Réserves pédagogiques ou transformation de l'école

Février 2001

« Jack Lang envisage l’ouverture, ex nihilo, d’une dizaine de collèges expérimentaux lors de la rentrée 2001. »
Les récentes déclarations de notre ministre de l’Éducation Nationale paraissent marquer un changement d’attitude vis à vis du chantier de l’innovation. Elles semblent surtout indiquer l’abandon officiel de la volonté de transformer le système éducatif en favorisant l’innovation pour le grand nombre.

Créer dix établissements expérimentaux est, sans nul doute, une façon de donner satisfaction à des enseignants qui cherchent un lieu pour enseigner autrement ou à des groupes de pression divers. Par contre, enfermer ces expériences dans un cadre dérogatoire tant en ce qui concerne les moyens, que le recrutement des enseignants comme celui des élèves, est le plus sûr moyen de bloquer toute chance de diffusion et de transfert de ces dispositifs à l’ensemble du système éducatif. C’est, effectivement, discréditer d’entrée de jeu, les expériences positives pour la réussite de tous les enfants, y compris ceux issus des milieux les plus distants par rapport à l’école. Tout comme réserver les méthodes pédagogiques aux élèves en difficulté ou à des publics sélectionnés, conduit également à les marginaliser définitivement.
Or, nous qui avons choisi d’enseigner en son sein, avons d’autres ambitions pour le service public d’éducation.
Nous avions nourri quelques espoirs de transformation de l’école, lors de la création du CNIRS (Conseil National pour l'Innovation et la Réussite Scolaire), dont la vocation nous avait semblé ambitieuse. Nous y avions retenu la volonté d’assurer la réussite de tous, grâce à une évolution du système éducatif.
C’est cette logique là dont nous sommes porteurs et que nous revendiquons dans notre plate-forme des équipes pédagogiques. Une logique d’évolution, de transformation des pratiques pédagogiques pour répondre aux besoins du système, aux souhaits des enseignants et à l’ambition de favoriser la réussite de tous. Pour nous, l’enjeu est plus que jamais de faire la preuve que la pédagogie Freinet continue à être une pédagogie populaire.
C’est pour cela que nous proposons toujours la constitution d’équipes pédagogiques.

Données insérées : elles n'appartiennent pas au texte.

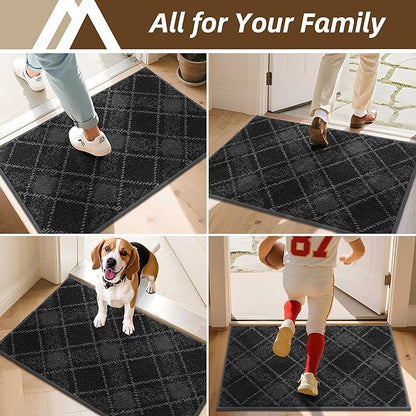 COSY HOMEER Plaid Door Mat 20" x 32",Dirt Trapper Entryway Rugs,Non-Slip Washable Farmhouse Doormat,Low Profile Welcome Mats for Paws Dark Grey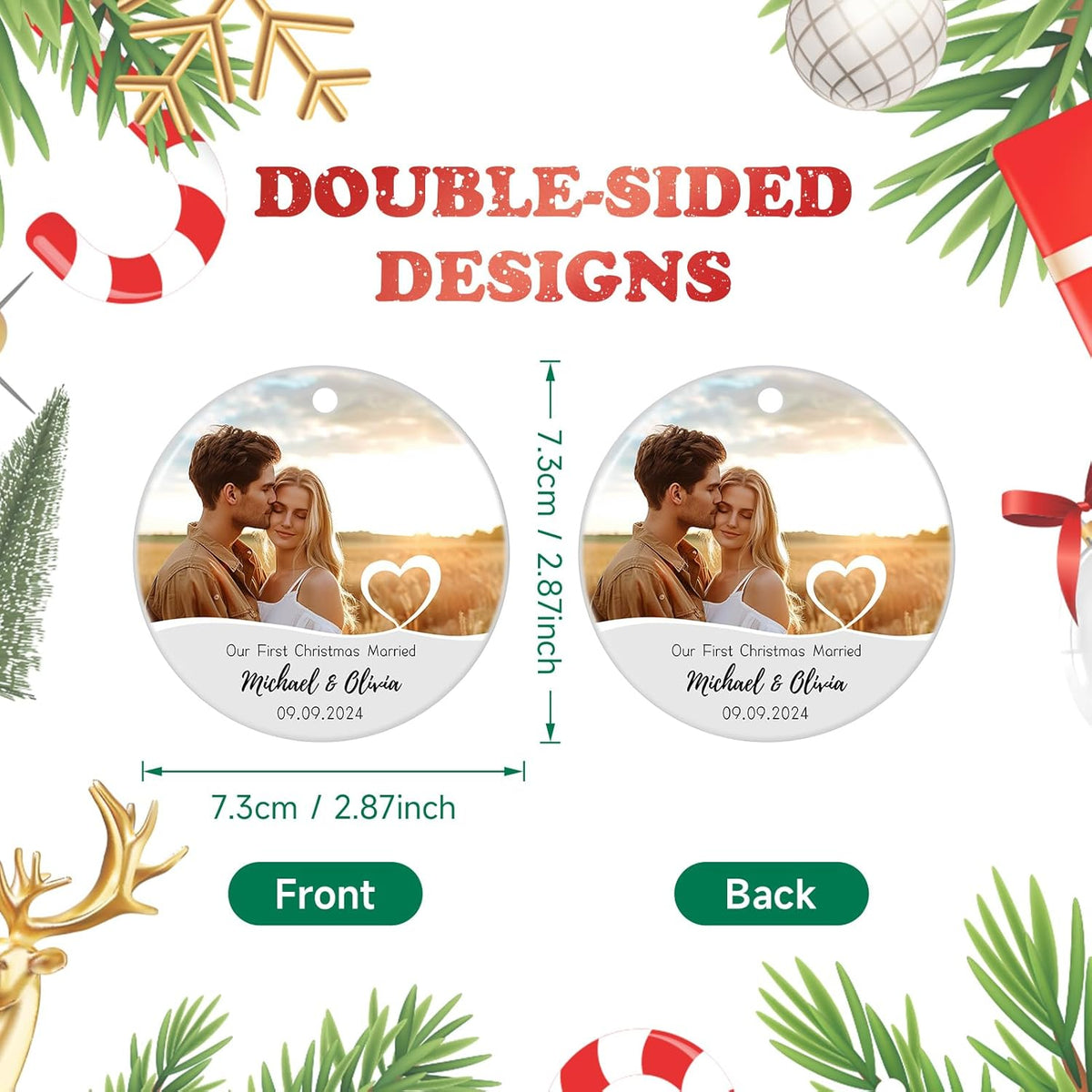 Our First Christmas Married Ornament, Personalized Photo Christmas Ornament 2025 for Newlyweds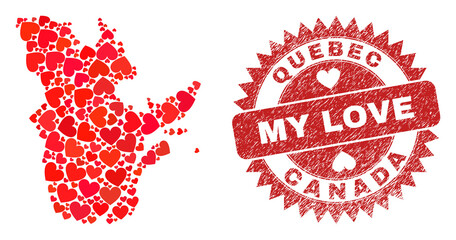 Vector mosaic Quebec Province map of lovely heart elements and grunge My Love stamp. Mosaic geographic Quebec Province map constructed with lovely hearts.
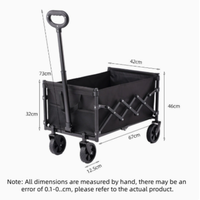 Chariot pliable robuste de 200 L, grand chariot utilitaire de jardin, chariot de camping extérieur, pour le camping et la plage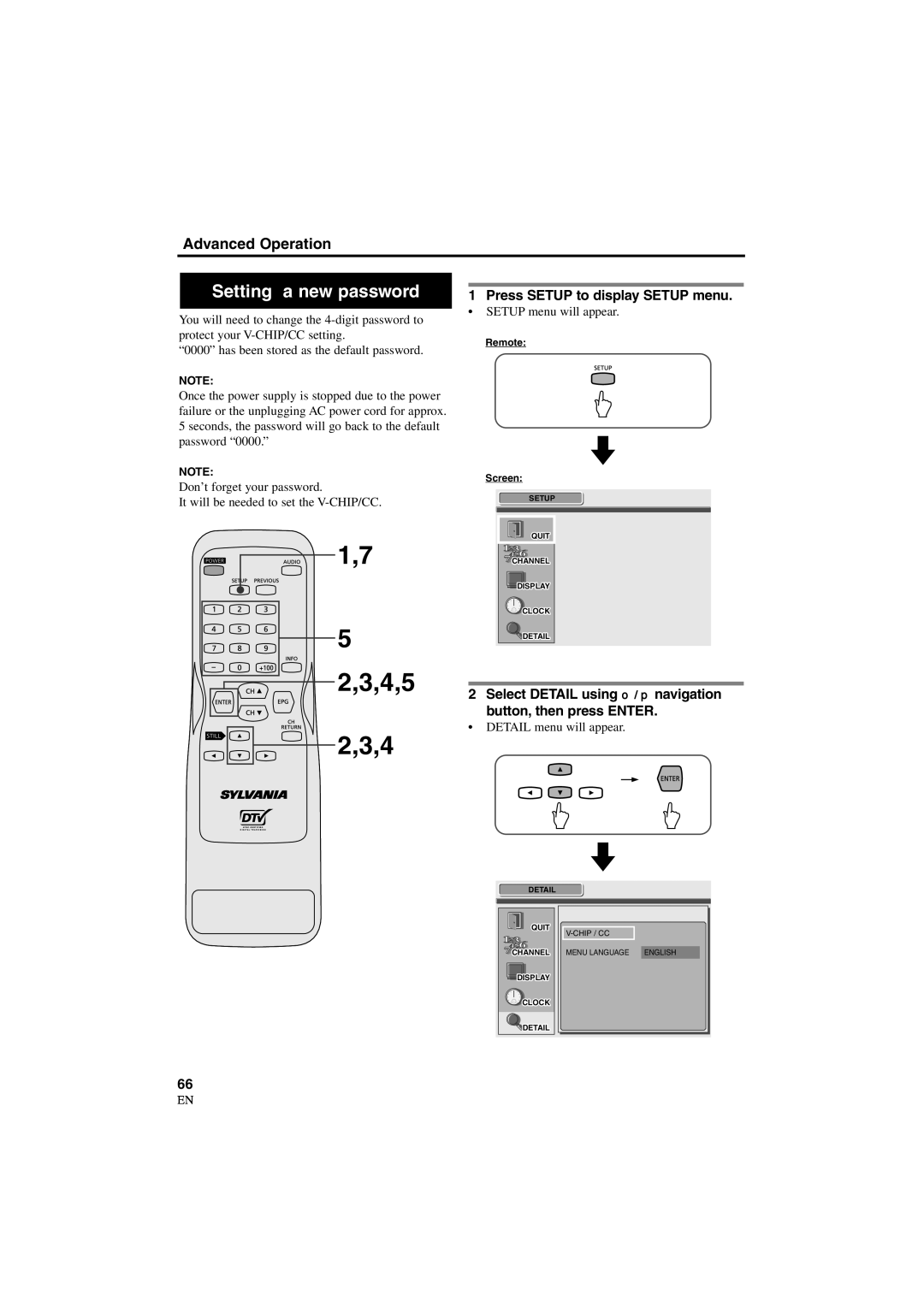 Sylvania 6900DTD owner manual Setting a new password, Detail menu will appear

Celles-ci pourraient faire la preuve de la validité de nos pratiques pédagogiques, à condition que leur soit donnés les moyens d’une véritable évaluation. Rappelons, à ce propos, que l’évaluation n’a de sens que si son objet, ses critères et ses méthodes ont été définis en commun. Nous sommes volontaires pour collaborer en ce domaine avec toutes les institutions qualifiées : INRP, IUFM, Université. Nos équipes sont prêtes, en liaison avec les IUFM, à servir de point d’appui à la formation de terrain, appuyée sur la réalité des classes, que réclament les jeunes enseignants. Sans remettre en cause les statuts des enseignants, nous sommes convaincus qu’une véritable transformation du système éducatif est possible, même si sa mise en œuvre n’est pas spectaculaire et loin des effets médiatiques.
Nous n’avons aucune envie de voir se développer des « réserves » pour innovateurs. Espérons donc qu’il ne s’agit que d’une première série d’ouvertures et que la mise en place d’équipes, tant dans le second que dans le premier degré, ira en s’amplifiant. Nous essaierons, avec les moyens dont nous disposons, de peser en ce sens.